ICE Project Descriptions: Summer 2001
1.
Automated Synthesis of Embedded Multiprocessors
Prof. Shuvra Bhattacharyya
Unlike general-purpose multiprocessors, multiprocessor systems for embedded applications (such as cellular phones, videoconferencing systems, radar devices, etc.) can be streamlined to support a specific set of high-level functions. Furthermore, issues of backward compatibility and fast compilation times are not of major concern because these systems are rarely, if ever, modified after production. This dramatically increases the design space that can be considered when implementing embedded computing systems.

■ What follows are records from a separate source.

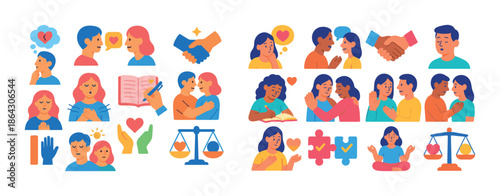 Diverse communication and teamwork illustration with various symbols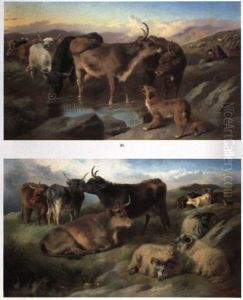 Cattle And Sheep Resting by George William Horlor
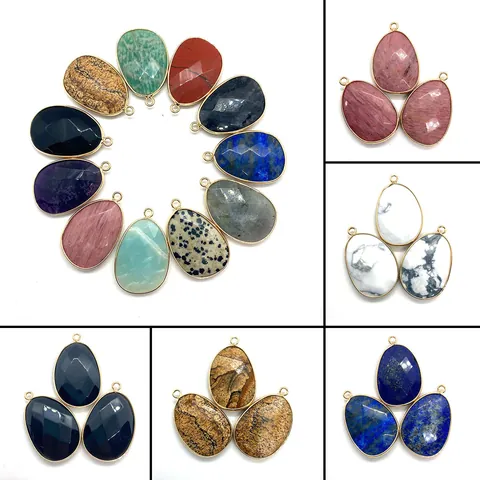 Natural Stone Water Drop Faceted Pendant Only Without Chain Metal Wrapped Teardrop Charm For DIY Necklace Earring Jewelry Making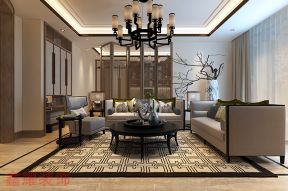 呼和浩特中交上东国际2023新中式客厅装饰图片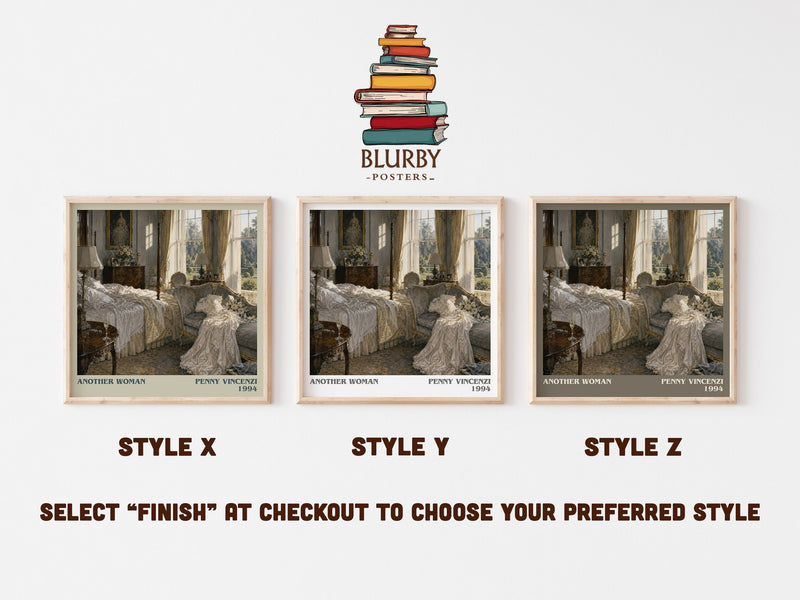 Another Woman literary print in frame leaning in hallway – contemporary fiction wall art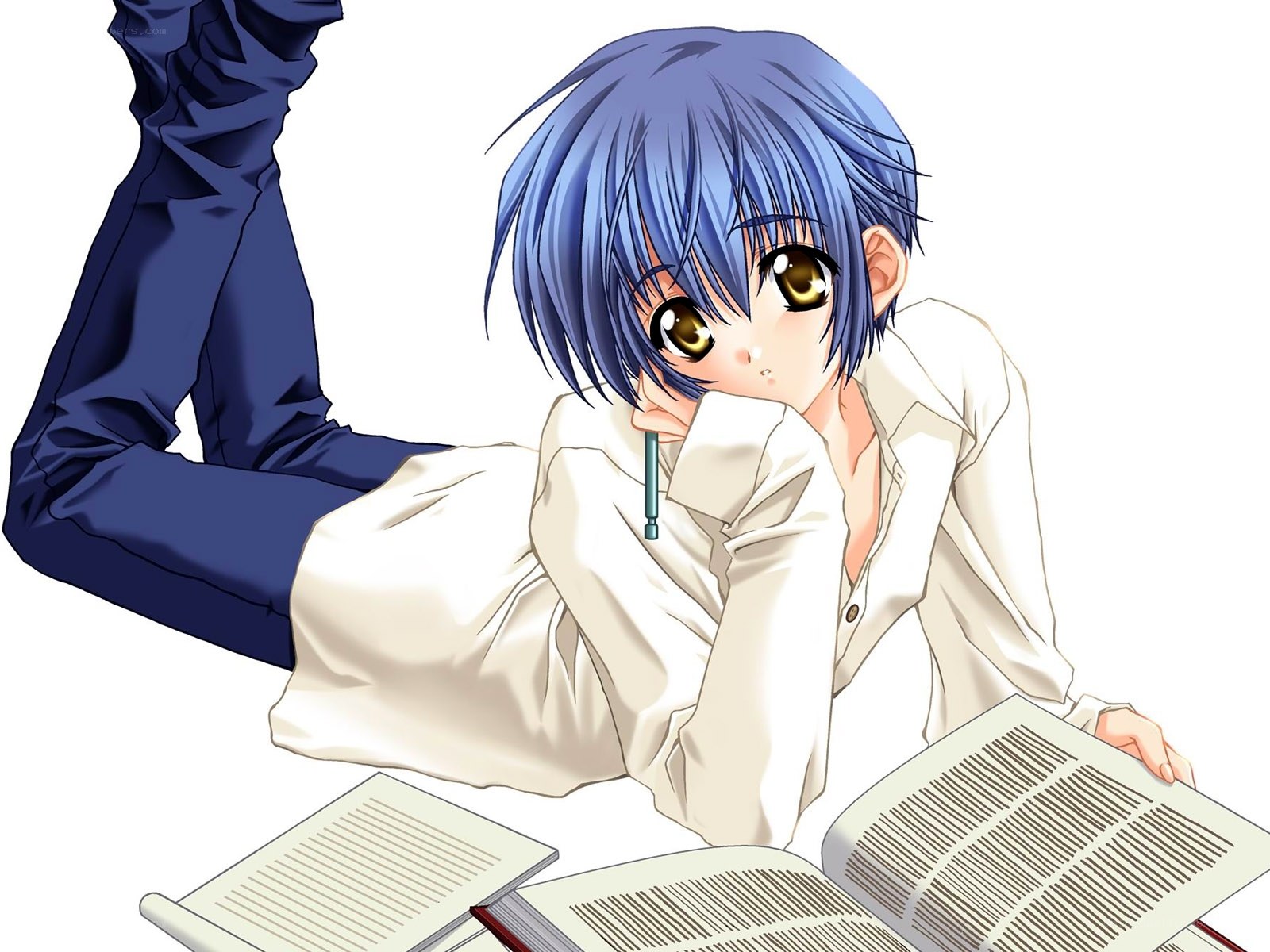 blue-haired student reading
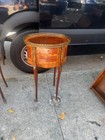 Pr Louis Xvi Style Inlaid Mounted Oval Nightstands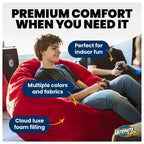 Pouf géant Ultimate Sack de type canapé, fauteuil intérieur confortable et surdimensionné, suédine sarcelle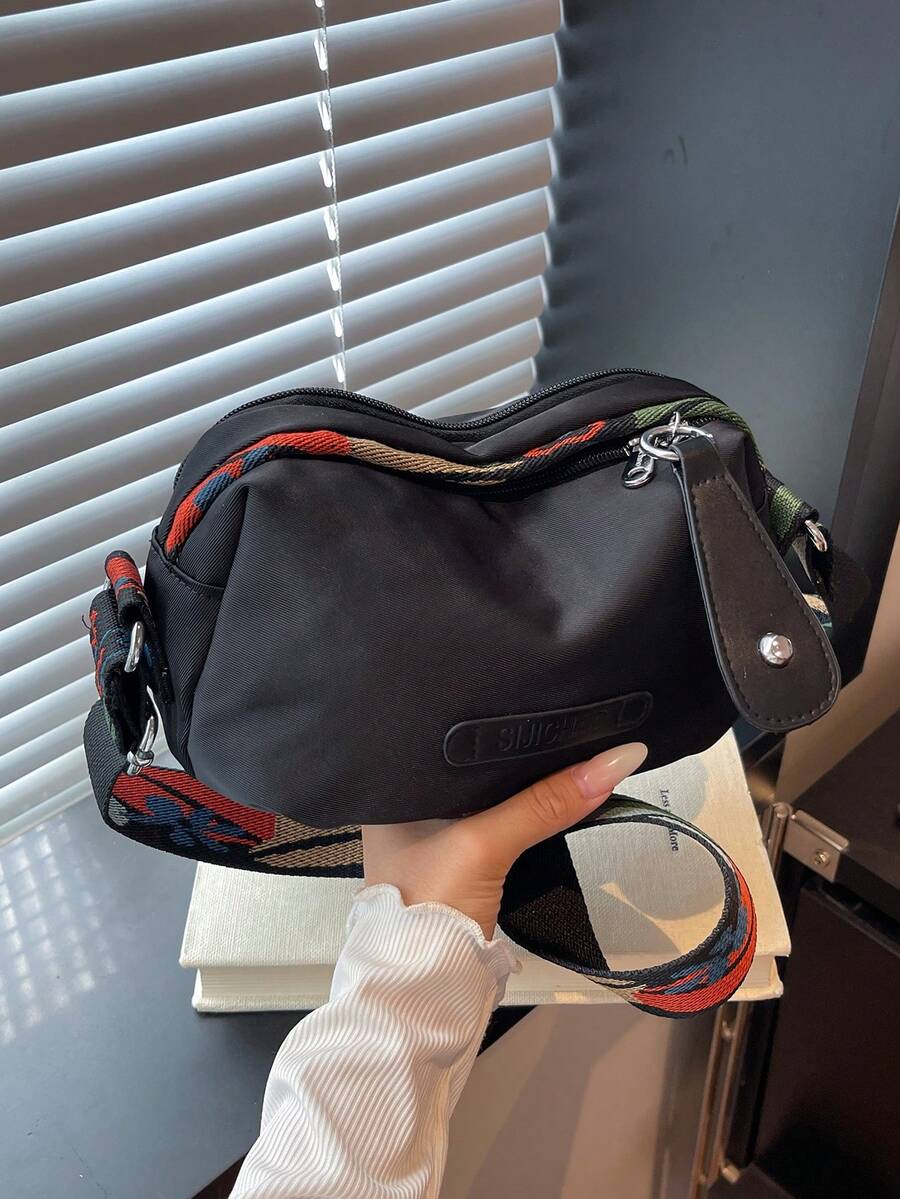 1pc Floral Decor Multi-Purpose Small Crossbody Shoulder Bag, Suitable For Outing, Travel, Vacation, Shopping - Black - View 1
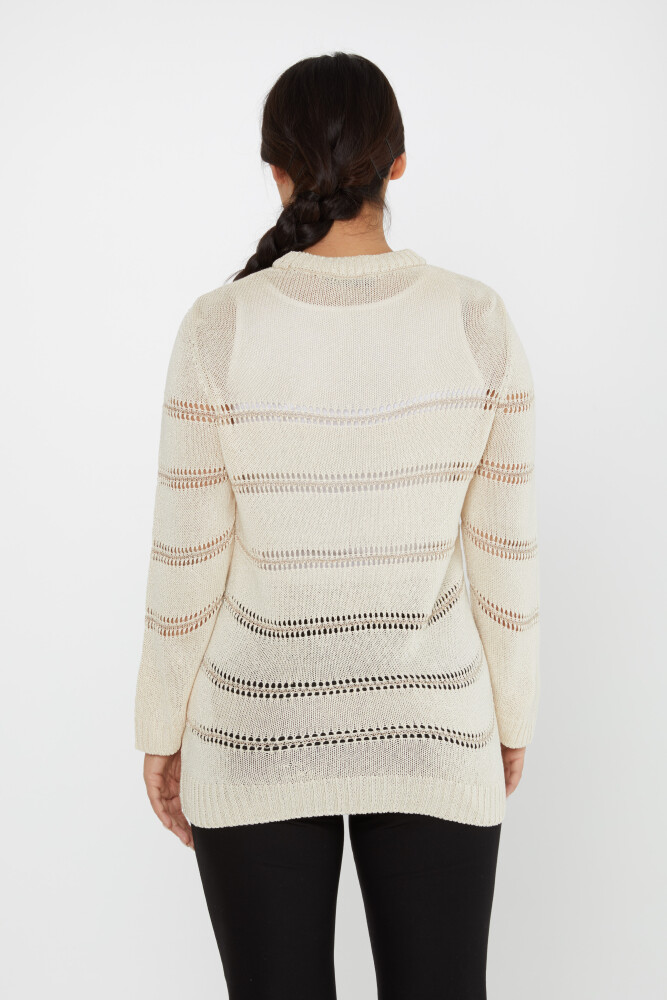 Strickpullover Zweifarbiger Rundhalsausschnitt Beige - 30298 | KAZEE (3er-Set M-L-XL) - 5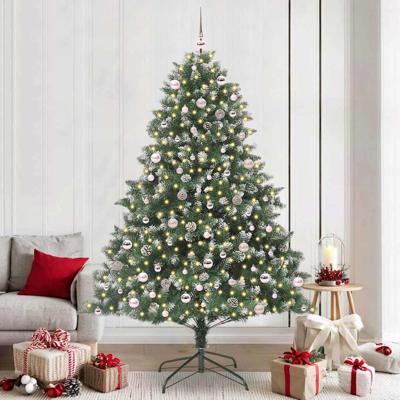 Kunstkerstboom met 300 LED Groen 240 cm PVC en Plastic en Staal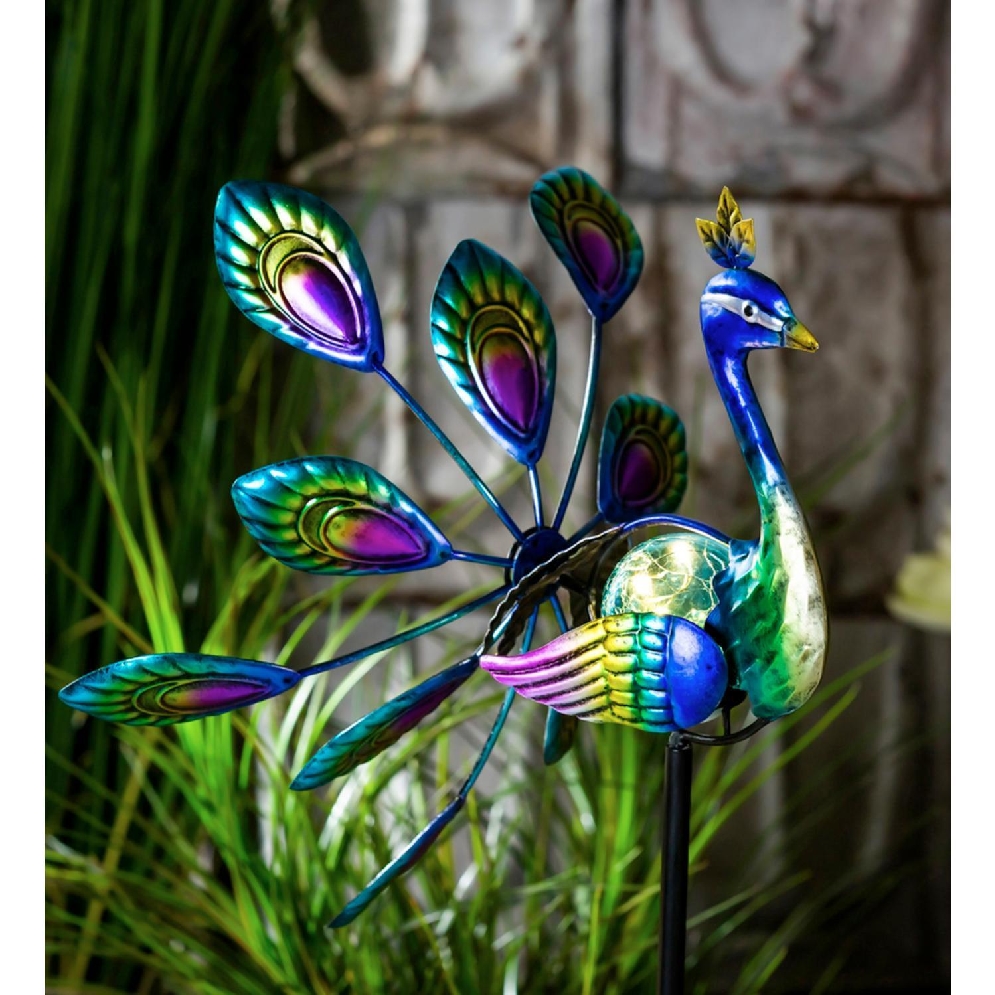 Tropical Oasis Wind Spinner - Solar Staked Peac...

Due to the vast and complex nature of the design space for an embedded application, the development of automated tools for system-level synthesis is of increasing importance. Such a tool takes as input a high-level language specification of an embedded application; a library of hardware components (such as different types of microprocessors, application-specific integrated circuits, memories, and buses); and a set of optimization constraints and objectives (for example, "find an implementation that minimizes the overall rate"). Given these inputs, the tool attempts to derive an efficient hardware architecture (a collection of processing components and their interconnections), and a mapping of the specified application onto this architecture.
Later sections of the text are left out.